Tonight when I gave buttons and saffy their kitten food buttons decided to be a greedy madam and get there before saffy! She pushed her out of the way! Was hilarious! So I decided to take a picture of the heavily pregnant girl enjoying her food! All I can say is at least she keeps her paws clean!


----------



## TwitchingWhiskers

Cute mouse. Are there are particular colors/coats/markings you are expecting?


----------



## Sizzlea89

TwitchingWhiskers said:


> Cute mouse. Are there are particular colors/coats/markings you are expecting?
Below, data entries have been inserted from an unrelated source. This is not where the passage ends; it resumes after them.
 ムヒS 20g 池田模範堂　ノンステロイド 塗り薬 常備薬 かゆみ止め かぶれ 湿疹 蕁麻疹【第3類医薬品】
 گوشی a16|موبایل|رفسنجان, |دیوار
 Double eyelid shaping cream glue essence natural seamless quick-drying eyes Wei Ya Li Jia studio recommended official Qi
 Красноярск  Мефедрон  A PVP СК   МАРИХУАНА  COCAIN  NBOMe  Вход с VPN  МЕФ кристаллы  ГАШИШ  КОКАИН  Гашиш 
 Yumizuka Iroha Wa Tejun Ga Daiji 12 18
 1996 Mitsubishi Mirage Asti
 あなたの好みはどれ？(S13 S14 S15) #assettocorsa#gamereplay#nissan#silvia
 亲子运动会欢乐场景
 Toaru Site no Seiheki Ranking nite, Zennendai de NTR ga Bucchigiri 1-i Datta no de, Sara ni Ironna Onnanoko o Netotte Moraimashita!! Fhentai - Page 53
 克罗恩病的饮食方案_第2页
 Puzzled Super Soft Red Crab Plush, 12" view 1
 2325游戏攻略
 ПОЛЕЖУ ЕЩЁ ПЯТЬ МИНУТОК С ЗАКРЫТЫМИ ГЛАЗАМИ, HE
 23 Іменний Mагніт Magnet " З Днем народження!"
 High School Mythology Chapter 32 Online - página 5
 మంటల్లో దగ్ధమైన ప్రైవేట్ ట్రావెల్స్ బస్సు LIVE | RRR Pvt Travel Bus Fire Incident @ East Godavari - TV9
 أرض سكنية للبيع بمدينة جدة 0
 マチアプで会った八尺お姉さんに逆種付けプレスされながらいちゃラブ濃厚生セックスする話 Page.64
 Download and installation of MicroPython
I'm experimenting with a pied blue buck to see what we get, satins hopefully as both girls are satins and buck that I borrowed from a friend is also a satin, hoping to go home to find a best full of pinkies  it's a case of wait and see what the outcome is haha hopefully there will be some pied and banded but I'm not too fussed about the colours  just healthy little nice is all I'm asking for


----------



## TwitchingWhiskers

Blue is so yummy! If your doe carries blue, then you'll get some blue babies. Good luck with the litter, and I hope you get healthy mice


----------



## Sizzlea89

TwitchingWhiskers said:


> Blue is so yummy! If your doe carries blue, then you'll get some blue babies. Good luck with the litter, and I hope you get healthy mice


Thanks very much  both buttons and saffy had their litters today! Great thing to come home to! There was roughly 12 between them at least I think I only briefly peeked! There might be less! I'm so happy haha x


----------



## TwitchingWhiskers

Were you planning on letting them litter together? You could have problems with keeping records if you don't know who's babies are who's. Anyway, congrats on the litter! 6 each is pretty good, I hope they grow up nice and plump.


----------



## Sizzlea89

Yeah I was planning on having them litter together  it was the same buck I had in with them so it's not much of a problem, they are sisters anyway.


----------



## TwitchingWhiskers

I see. Can't wait for pictures


----------



## Sizzlea89

I'll get pictures as soon as they fur up  then at least there will hopefully be some kind of colour! They are big chunky pinkies too!


----------



## TwitchingWhiskers

That's great! Chubby babies are so cute


----------



## Sizzlea89

TwitchingWhiskers said:


> That's great! Chubby babies are so cute


Haha yeah they really are! I can't wait to see what colours we get! Not long now either


----------



## Sizzlea89

Ok so we have pigmentation now and I have no idea what we are getting from this litter exactly haha! They are 5 days old now!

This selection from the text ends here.